(Collected data entries)
= = = =
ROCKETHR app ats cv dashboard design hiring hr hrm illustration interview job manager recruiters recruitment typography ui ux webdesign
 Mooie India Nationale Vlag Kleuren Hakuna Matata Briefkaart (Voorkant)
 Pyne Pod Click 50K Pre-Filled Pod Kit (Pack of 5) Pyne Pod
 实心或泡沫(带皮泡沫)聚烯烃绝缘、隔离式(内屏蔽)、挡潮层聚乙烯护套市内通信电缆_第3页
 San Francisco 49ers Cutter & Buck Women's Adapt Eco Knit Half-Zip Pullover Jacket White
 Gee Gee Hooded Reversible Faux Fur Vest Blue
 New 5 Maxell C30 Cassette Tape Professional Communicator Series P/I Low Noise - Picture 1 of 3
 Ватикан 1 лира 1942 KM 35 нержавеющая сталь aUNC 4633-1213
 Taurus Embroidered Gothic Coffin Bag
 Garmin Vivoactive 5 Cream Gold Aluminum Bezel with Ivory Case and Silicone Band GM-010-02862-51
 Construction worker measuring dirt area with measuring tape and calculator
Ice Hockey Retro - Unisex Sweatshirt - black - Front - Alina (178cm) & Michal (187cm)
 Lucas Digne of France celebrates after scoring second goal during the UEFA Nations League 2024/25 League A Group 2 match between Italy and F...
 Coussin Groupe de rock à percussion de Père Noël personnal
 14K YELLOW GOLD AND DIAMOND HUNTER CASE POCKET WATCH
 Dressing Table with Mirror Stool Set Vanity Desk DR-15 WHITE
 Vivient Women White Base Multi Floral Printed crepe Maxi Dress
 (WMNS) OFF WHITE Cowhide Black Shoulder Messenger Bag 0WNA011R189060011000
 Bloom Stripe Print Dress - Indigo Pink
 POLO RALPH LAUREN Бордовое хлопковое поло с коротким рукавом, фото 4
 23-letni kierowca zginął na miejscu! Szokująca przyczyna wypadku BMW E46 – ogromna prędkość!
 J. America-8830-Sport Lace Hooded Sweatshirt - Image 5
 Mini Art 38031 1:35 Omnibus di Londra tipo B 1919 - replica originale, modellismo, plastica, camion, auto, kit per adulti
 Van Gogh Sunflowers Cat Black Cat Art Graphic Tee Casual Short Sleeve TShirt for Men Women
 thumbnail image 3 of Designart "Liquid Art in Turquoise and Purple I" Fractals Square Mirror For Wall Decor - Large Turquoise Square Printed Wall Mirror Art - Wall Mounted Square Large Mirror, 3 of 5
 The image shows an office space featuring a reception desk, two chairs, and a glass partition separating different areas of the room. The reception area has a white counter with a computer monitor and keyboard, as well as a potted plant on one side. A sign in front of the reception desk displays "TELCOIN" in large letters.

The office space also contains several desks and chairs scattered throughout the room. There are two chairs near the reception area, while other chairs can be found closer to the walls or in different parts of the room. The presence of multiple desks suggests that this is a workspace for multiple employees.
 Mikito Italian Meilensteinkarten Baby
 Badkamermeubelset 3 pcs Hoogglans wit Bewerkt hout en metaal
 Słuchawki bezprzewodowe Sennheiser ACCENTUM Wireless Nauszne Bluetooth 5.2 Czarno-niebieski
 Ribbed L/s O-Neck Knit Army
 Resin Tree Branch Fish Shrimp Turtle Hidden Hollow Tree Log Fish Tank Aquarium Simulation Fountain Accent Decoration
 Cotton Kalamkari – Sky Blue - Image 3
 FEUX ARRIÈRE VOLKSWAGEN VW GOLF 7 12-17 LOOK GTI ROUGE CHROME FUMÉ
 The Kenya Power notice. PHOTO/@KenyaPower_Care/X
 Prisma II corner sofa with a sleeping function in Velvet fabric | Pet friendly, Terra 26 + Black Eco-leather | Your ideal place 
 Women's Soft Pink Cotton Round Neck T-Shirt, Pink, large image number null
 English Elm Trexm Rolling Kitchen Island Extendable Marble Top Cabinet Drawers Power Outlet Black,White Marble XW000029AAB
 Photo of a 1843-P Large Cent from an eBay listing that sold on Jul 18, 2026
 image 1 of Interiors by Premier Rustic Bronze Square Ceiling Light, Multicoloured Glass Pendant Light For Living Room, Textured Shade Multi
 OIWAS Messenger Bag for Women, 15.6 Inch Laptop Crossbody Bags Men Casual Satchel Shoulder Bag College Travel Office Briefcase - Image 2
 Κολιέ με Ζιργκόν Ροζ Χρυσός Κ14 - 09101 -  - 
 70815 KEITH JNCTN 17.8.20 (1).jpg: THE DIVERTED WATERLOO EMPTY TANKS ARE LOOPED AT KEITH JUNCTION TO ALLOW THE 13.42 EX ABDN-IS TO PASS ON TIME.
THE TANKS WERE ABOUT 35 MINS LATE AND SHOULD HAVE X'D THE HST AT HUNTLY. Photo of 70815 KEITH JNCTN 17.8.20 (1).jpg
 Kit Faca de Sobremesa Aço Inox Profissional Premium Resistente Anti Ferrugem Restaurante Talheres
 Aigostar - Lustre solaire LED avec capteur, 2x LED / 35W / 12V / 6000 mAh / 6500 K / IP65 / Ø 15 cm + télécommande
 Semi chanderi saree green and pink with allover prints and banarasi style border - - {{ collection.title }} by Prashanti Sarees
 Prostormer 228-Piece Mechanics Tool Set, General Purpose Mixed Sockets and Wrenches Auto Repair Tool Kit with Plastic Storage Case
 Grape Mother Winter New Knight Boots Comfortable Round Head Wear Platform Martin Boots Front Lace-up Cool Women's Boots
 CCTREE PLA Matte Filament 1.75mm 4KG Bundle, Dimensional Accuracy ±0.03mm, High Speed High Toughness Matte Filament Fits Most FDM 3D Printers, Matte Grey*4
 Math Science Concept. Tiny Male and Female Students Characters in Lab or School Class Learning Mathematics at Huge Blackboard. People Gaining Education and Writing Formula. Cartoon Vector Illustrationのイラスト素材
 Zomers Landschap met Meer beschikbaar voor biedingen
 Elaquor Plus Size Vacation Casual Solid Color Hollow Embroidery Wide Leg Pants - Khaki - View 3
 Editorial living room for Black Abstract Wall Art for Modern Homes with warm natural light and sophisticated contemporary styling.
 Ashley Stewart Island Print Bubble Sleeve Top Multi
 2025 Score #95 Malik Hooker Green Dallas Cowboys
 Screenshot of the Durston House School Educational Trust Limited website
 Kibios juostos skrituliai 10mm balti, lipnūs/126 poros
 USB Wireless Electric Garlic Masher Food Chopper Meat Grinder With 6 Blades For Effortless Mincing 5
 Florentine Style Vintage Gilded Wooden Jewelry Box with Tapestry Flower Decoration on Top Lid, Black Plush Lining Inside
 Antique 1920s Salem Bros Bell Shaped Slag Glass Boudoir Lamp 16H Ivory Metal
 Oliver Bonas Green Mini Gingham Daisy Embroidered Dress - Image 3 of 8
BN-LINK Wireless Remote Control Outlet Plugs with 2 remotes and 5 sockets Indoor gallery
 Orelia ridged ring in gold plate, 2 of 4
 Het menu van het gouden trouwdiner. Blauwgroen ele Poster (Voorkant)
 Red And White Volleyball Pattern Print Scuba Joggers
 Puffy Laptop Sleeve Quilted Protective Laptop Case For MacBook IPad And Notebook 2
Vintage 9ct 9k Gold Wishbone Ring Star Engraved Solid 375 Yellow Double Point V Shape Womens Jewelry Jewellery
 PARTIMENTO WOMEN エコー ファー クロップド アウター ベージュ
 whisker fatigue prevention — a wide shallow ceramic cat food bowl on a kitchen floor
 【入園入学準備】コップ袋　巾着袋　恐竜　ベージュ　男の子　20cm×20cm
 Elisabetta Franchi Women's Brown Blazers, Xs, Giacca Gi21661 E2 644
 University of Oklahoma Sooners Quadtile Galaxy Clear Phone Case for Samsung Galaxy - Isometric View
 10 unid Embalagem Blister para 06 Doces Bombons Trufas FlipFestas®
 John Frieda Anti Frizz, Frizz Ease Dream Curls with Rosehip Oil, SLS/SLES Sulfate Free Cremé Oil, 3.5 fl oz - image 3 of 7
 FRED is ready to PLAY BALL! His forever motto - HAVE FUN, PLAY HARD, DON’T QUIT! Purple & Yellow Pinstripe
= = = =
(About this exercise)
Look through the data above. Each line containing the word "Power" needs to be copied.

(Response below)
 The Kenya Power notice. PHOTO/@KenyaPower_Care/X
 English Elm Trexm Rolling Kitchen Island Extendable Marble Top Cabinet Drawers Power Outlet Black,White Marble XW000029AAB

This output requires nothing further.